Among our respondents were three distinct groups— Brand Believers, Metrics Masters, and Disengaged Doubters — set apart by the attitudes they shared toward branding development. Read more about the characteristics of each group in our previous post.
For now, it’s important to know that 69% of the three groups combined believe their organization’s brand is either very strong or fairly strong in the minds of their target customers. So while B2C marketing leaders tend to feel more strongly that their prospects need them to have a strong brand, all have done the work of building a brand that they believe is strong in their prospects’ minds.
Their responses raise questions about the importance of brand strength for B2B and B2C organizations… Let’s take a closer look at how brand strength similarly benefits all companies and then how B2B and B2C businesses build it differently.

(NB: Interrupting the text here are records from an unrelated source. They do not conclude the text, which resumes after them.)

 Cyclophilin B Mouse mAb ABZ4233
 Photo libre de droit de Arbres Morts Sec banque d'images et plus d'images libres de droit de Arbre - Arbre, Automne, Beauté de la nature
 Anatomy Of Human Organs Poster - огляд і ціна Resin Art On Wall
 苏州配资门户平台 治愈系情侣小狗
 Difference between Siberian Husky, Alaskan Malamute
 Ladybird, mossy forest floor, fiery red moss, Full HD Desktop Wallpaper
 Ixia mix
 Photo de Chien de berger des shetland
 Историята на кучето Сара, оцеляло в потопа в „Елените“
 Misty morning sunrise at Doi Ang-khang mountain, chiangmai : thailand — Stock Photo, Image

How is the importance of brand strength the same across B2B and B2C organizations?
In both cases, branding helps improve business value. Whether your company is a B2B or B2C model, having a strong brand means you can:
1. Attract better talent.
“In the past, job security, decent compensation, or at least a tangible opportunity was the price of entry for people coming into organizations. Now a massive number of employees not only want to feel invested in the work they do, but they also want to see that their employer is invested in the same things they value and believe in.”

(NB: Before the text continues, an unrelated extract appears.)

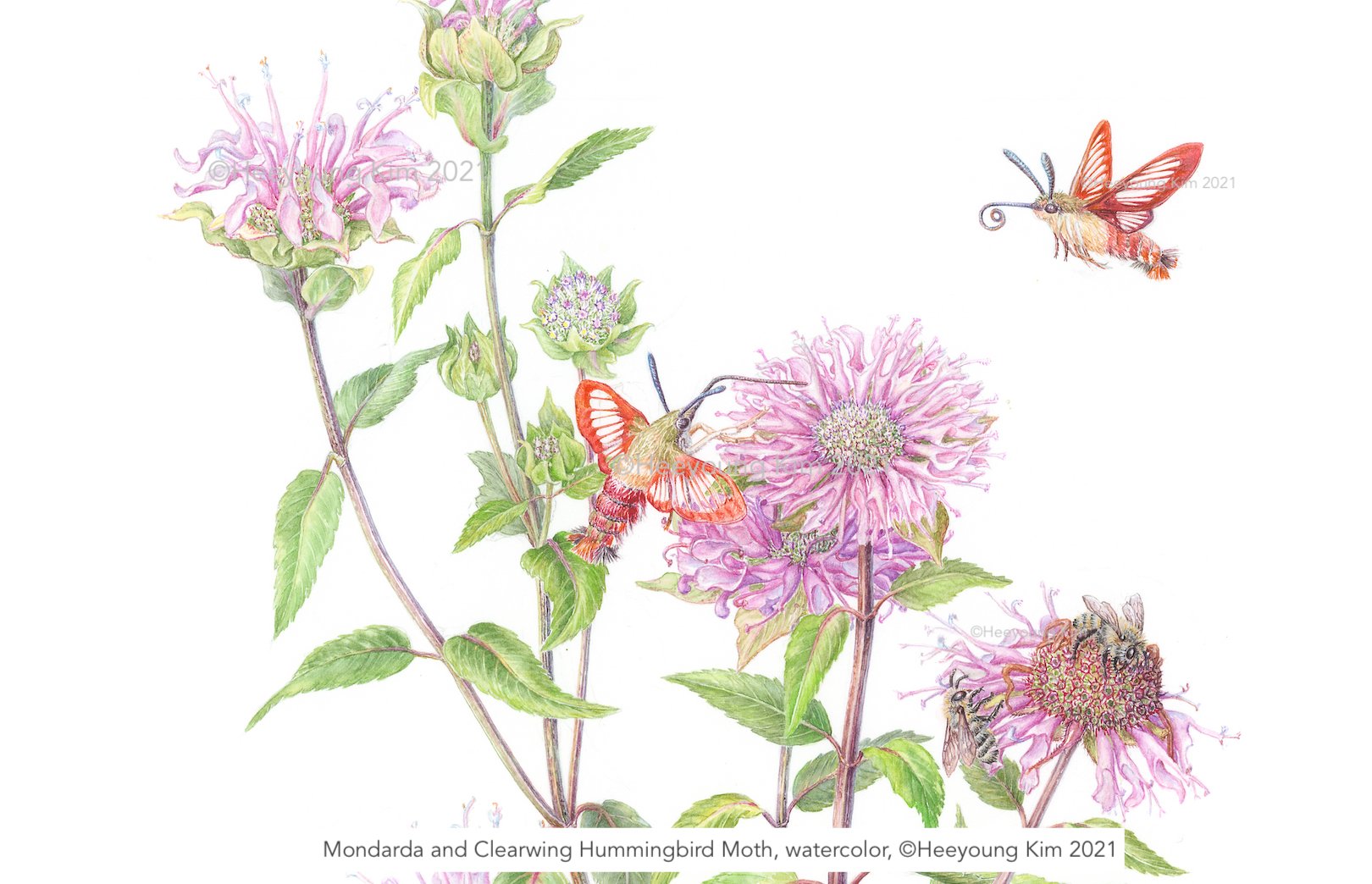 BeeBalm and Clearwing Himmingbird Moth. for slide.jpeg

Attracting the employees who value what your company values takes the same strategy that attracts prospects…differentiating your company and defining its culture. Today’s workforce wants to know your values and what matters most to you. And they want to know they can trust you to do what you say you’ll do.
When you communicate a clear brand message, your company is more likely to attract the talent that fits your culture well.

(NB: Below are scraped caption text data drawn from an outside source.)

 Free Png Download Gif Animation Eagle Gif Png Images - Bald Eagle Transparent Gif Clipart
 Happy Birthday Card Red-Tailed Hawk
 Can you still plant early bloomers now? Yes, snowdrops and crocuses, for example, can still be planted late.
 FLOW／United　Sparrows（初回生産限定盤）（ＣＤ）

2. Attract more prospects.
“People are more likely to trust a brand they’re familiar with or have at least heard about. They don’t feel as compelled to ask as many questions or conduct as much research as they would for a brand they don’t know.” – American Marketing Association
When you’ve built a strong brand and positioned your company well through consistent messaging, trustworthy testimonials, and more, you’re more likely to attract prospects that are similar to your current customers and need the products or services you’re offering.
- Benefit from more defined processes.
“The delivery of your brand through timing and across channels significantly contributes to the consistency of experience. The channels you choose, as well as the frequency of contact, create a rhythm of communication.” – American Marketing Association
Defined processes contribute to the consistency of your brand. When your customers know what they can expect when, your brand’s credibility, promise, and differentiating factors truly set you apart. Your brand’s personality becomes increasingly clear…amplifying brand awareness and loyalty as well.
- Grow revenue faster.
A strong brand grows revenue faster because customers are more likely to purchase products from a brand they know and trust. Strong brands also have high customer equity, which means that customers are more likely to continue doing business with the brand in the future.
Because strong brands have both of these things working in their favor, they can generate more sales and grow at a faster rate than their weaker counterparts.
A brand’s strength is important for both B2B and B2C organizations because it can ultimately affect their bottom line and increase their transferable business value.
Attracting the right employees, getting the attention of ideal prospects, delivering consistency through defined processes, and growing revenue quickly are some of the tangible effects of a strong brand…whether that brand serves other businesses or sells directly to consumers.
How do B2B and B2C organizations build brand strength differently?
We’ve seen quite a few similarities in the importance of brand strength. Now, let’s look at some of the differences in how brands build that strength.
- B2C brands tend to be more visible.
Brands selling directly to consumers tend to use a more transactional approach. Because their prospects often make impulsive purchases, they need to quickly communicate the value of their products and services. They also need their brand to be widely recognized by a large audience.
Social media and other digital marketing platforms are key for these brands because those platforms allow B2C brands to create an initial connection with the wider audience they’re trying to reach.
- B2C companies often spend more money on advertising to grow brand awareness.
Spending money on advertising is another way B2C brands can get in front of the wider audience they’re reaching for. Ads get their products and services in front of large numbers of B2C prospects through a variety of mediums — social media channels, television outlets, radio spotlights, print advertisements, and more.
On the other hand, B2B brands have narrower audiences and rely more on relationship building strategies so they can build brand awareness among suppliers and vendors in their specific target markets.
- B2B companies depend more on sales enablement to grow brand awareness.
Sales enablement is a critical part of any B2B company’s marketing strategy. By providing sales teams with the tools and resources they need to be successful, B2B companies can ensure that their sales teams are able to effectively sell their products and services to potential customers. In turn, they increase brand awareness and drive sales.
B2B and B2C businesses may build brand awareness in different ways, but brand strength matters for both. How strong is your brand?